─── Records for the task

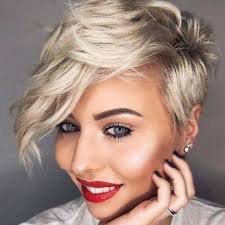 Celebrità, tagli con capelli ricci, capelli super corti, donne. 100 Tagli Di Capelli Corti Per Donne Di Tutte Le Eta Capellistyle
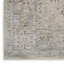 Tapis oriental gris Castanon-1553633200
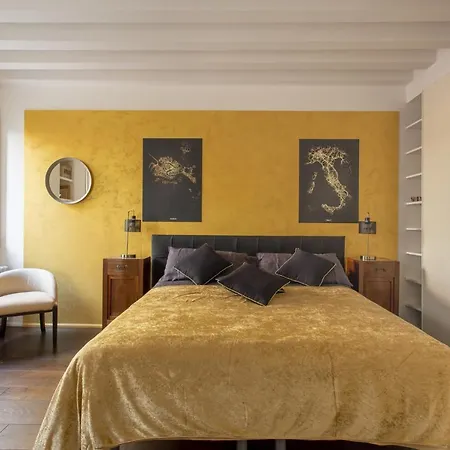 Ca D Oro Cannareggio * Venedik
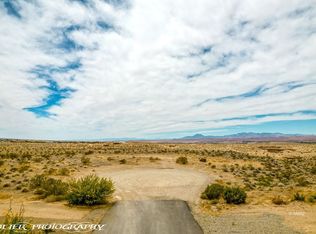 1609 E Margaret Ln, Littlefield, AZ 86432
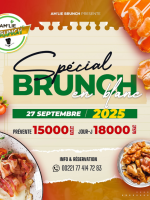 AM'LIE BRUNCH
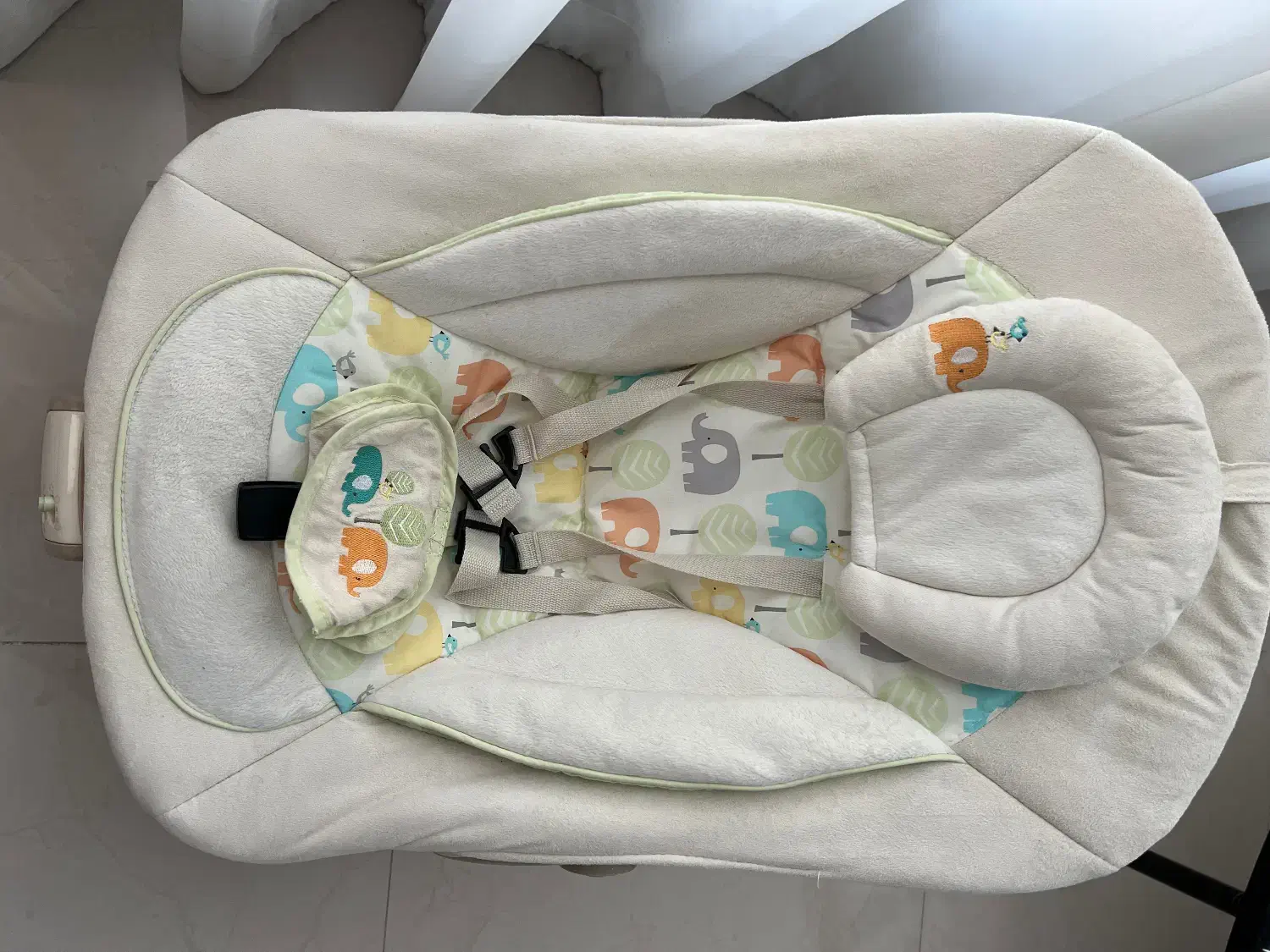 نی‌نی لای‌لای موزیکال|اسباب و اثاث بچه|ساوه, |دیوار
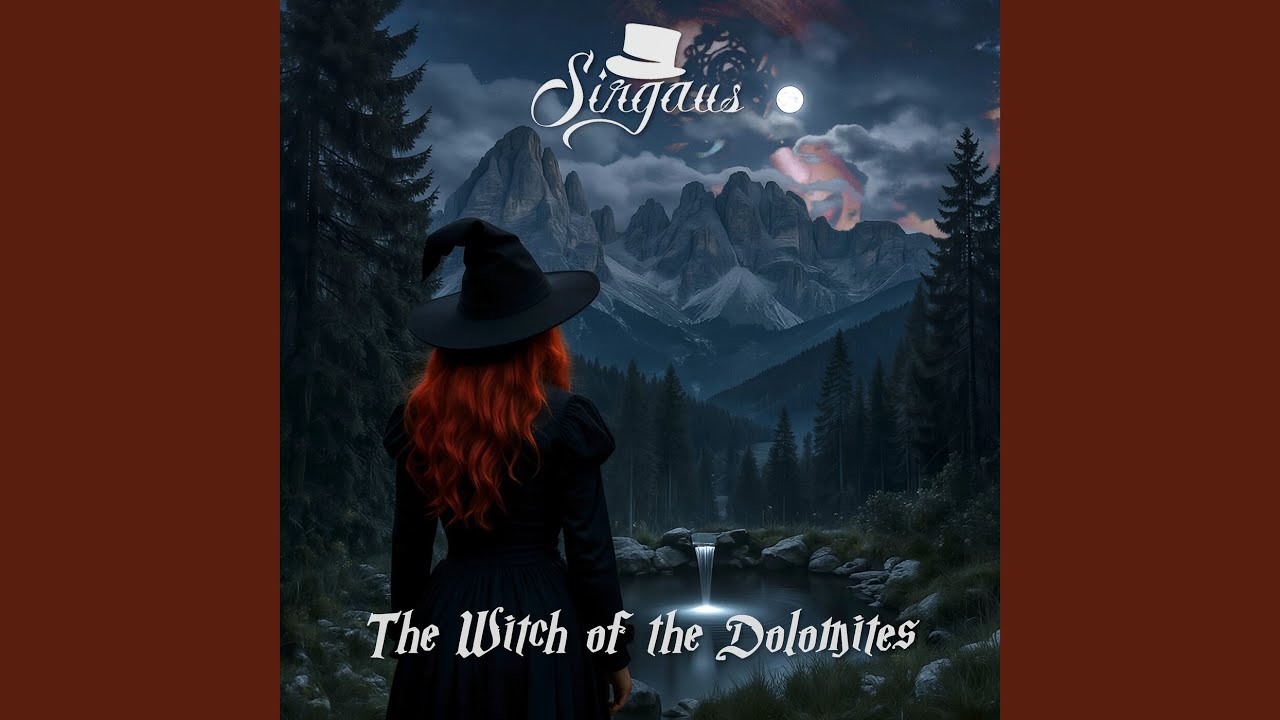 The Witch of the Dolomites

──────

Make an exact copy of the lines of the records from the line containing "Ca D Oro Cannareggio * Venedik" through the final line, both ends included, but not of the pictures.

 Ca D Oro Cannareggio * Venedik
 1609 E Margaret Ln, Littlefield, AZ 86432
 AM'LIE BRUNCH
 نی‌نی لای‌لای موزیکال|اسباب و اثاث بچه|ساوه, |دیوار
 The Witch of the Dolomites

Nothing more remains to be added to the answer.